Sur quoi il prit le large, et on ne l’a jamais revu.
Je
me trouvai donc en tête à tête, moi et tout mon
talent, avec ces gars dont chacun avait chez soi son fusil de chasse
et qui les uns comme les autres attendaient en toute confiance
l’arrivée des gardes-blancs. A peu près dans le style
d’un lord anglais s’apprêtant à parler à sa
« yeomanry », je m’approchai du landammann de la
région et, le fixant d’un air sinistre, lui dis : « Vous
avez tout entendu ? Maintenant, je vais vous dire ce que vous devez
faire. Absolument rien ! Tenez-vous parfaitement peinards. »
Le
bonhomme me regarda avec toute la bienveillance d’un anthropophage
qui ressentirait quelque regret d’être dans la nécessité
de consommer ses propres neveux et nièces.
Vers
cinq heures du matin, j’achevai, là où j’habitais,
d’emballer mes affaires et, sans éveiller inutilement
l’attention, disparus de ce village, car je savais que les blancs
étaient déjà, pour ainsi dire, aux portes, et
effectivement, ainsi que je l’ai appris plus tard, un certain
nombre de paysans faisaient dès midi leur apparition chez mes
logeuses, dans la ferme intention de me caresser de leurs matraques.
Une
fois arrivé à la ligne de chemin de fer
Munich-Starnberg, je me rendis compte que je ne pouvais plus
retourner à mon ancien logement dans cette dernière
ville et, faisant demi-tour je suivis tout bonnement à pied
les rails en direction de Munich. Là, je commençai par
me rendre à ma pension de la Schellingstrasse.
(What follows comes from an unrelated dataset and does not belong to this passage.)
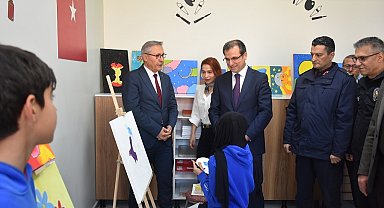 Salihli'de öğrencilerin hayal gücünü geliştirecek resim atölyesi açıldı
Dès
qu’elle m’y eut vu paraître, certaine jolie femme avec qui
je n’avais jamais eu le moindre tendre rapport, vint me parler et,
sans me dissimuler que ses charmes de beauté magyare lui
permettaient d’entretenir des relations fort intimes avec des
partisans de Wrangel à Constantinople de même qu’avec
un certain nombre de Baltes, elle me dit en camarade que les présents
libérateurs de Munich avaient apporté de Berlin des
listes de communistes et que je ferais mieux de ficher le camp.
J’allai
aussitôt trouver un avocat que je connaissais fort bien, et qui
était membre du parti socialiste. Il me fit grimper tout en
haut de sa maison, bien au-dessus des chambres de bonnes. Ainsi
passai-je cinq jours consécutifs sous la charpente du toit
qui, chauffée par le soleil, sentait adorablement bon. Je
disposais d’une petite machine à écrire, mes repas
m’étaient passés dans une gamelle, et c’est dans
ces conditions que j’écrivis mon grand article « La
courbe de l’humanité », auquel je dois que mon premier
véritable livre, Selbsterlösung (L’autolibération),
ait pu paraître à Berlin chez S. Fischer, — article
dont tout l’élan n’arrive d’ailleurs pas à
dissimuler que ce que je peux appeler aujourd’hui ma théorie
de l’histoire en était encore à la phase
embryonnaire.
Lorsque,
environ cinq jours plus tard, on me fit redescendre sur terre,
l’hystérie des exécutions d’otages s’était
calmée, et je pus regagner Berlin.
Avant
de terminer ce chapitre de mes souvenirs, je voudrais encore
rapporter un charmant épisode montrant combien l’esprit
humain, en période révolutionnaire, peut être
tenté de désespérer de la causalité et de
ne plus reconnaître d’existence qu’au pur hasard, dont le
règne fait alterner comme à plaisir la brutalité
sanglante et de véritables idylles. Comme je l’ai déjà
dit la tactique d’encerclement des « blancs » ne m’avait
plus permis, après l’effondrement de ma dictature agraire
dans ce village de koulaks bavarois dont j’ai parlé, de
réintégrer mon domicile provisoire de Starnberg.
Or, à Munich, quelque deux jours après que j’avais pu
quitter mon perchoir sous les toits, la poste me remettait un carton
brun d’une teinte presque aussi chaude que celle des cartons dans
lesquels, à Berlin, Madame mon excellente mère
expédiait à sa clientèle thé, sucre candi
et jujube. Dans le carton, il y avait, sur le dessus une épaisse
couche de bretzels et de petits gâteaux, puis en dessous,
force papier de soie et, sous ce papier de soie, tous les ordres de
mission du gouvernement révolutionnaire munichois qui
m’eussent valu de sept à dix ans de cachot s’ils étaient
tombés sous les yeux et entre les paragraphes des tribunaux
d’exception de la terreur blanche.
Ce
simple détail permettra au lecteur de comprendre pourquoi, à
l’égard des dames de l’antique aristocratie, je n’ai
jamais pu me hausser à une véritable haine.